One especially interesting pointer Stephen gave me was to a new journal from European Geosciences Union titled Geoscientific Model Development. This is a journal that accepts articles about the nuts and bolts of building modelling software. It is apparently the only journal like it. Most of the other journals that climate scientists publish in will only accept papers on the "science" derived from the use of such models.
For those of us interested in how climate models are developed, this journal will likely be very relevant. What I find particular cool is the transparent peer-review process and open-discussion. This means for a particular article (say, this one on coupling software for earth-system modelling), you can read the paper and the current referee reviews (with the option to submit your own comments).
One issue with the journal Stephen mentioned is that it is currently not listed in any of the major scientific citation indices. Effectively this means that scientists do not get workplace "cred" for publishing in this journal. Thus, there is little motivation to publish even though, as Stephen put it, having a peer-reviewed publication to "rationalise" code and design decisions is essential to ensuring the scientific integrity of the models.
2 comments:
I think at some point - one hopes - the notion that you have to be listed in an archaic index will be surpassed by Google Scholar/Citeseer models.
The real metric is how many times that paper is referenced by others. Already I hear senior researchers talking about their most cited papers in terms of Google, not these other formats.
I guess it's a 'build it and they will come' model: insist on quality papers with a good review process, and the rest will follow. Cool idea for a journal, too.

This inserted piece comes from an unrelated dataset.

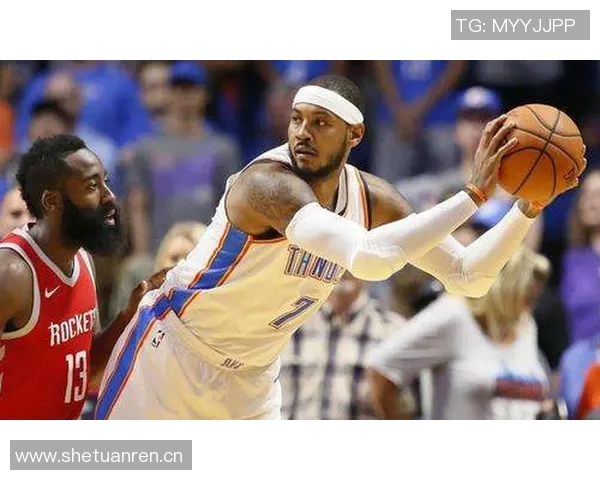 Lowe称赞三球进攻能力出众难以找到类似球员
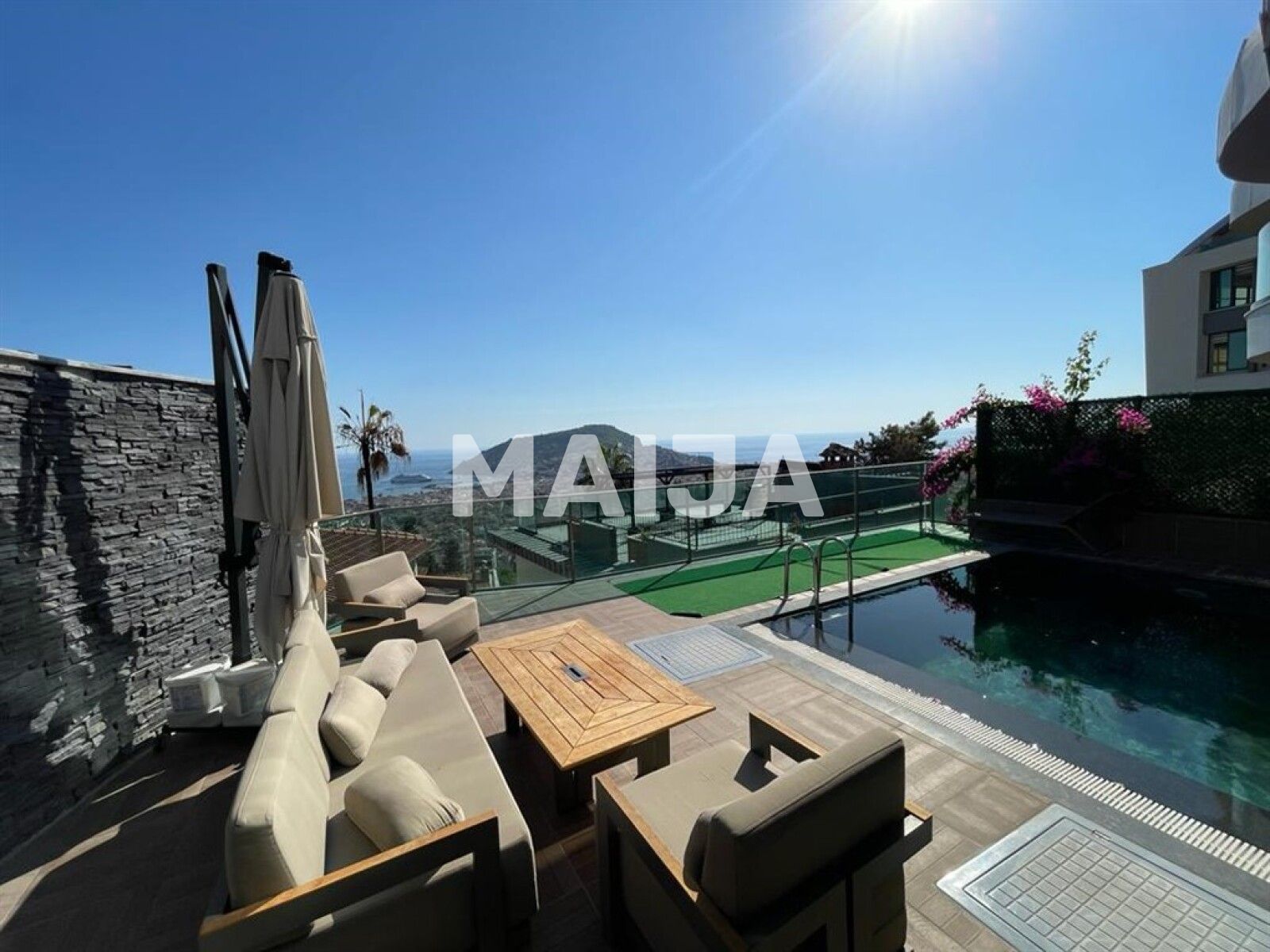 3 bedroom villa 300 m² Alanya, Turkey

Hey "ernie". Yeah, this was the first time I'd heard of work performance/productivity being measured mainly through a citation index. I didn't realise there was so much weight on publishing in indexed journals (or, that there is so little weight put on publications in unindexed journals).
What do you think about the transparent review process? It's fascinating from the standpoint of a newcomer to the academic world in that I feel like reading the feedback for other papers would make me a better writer.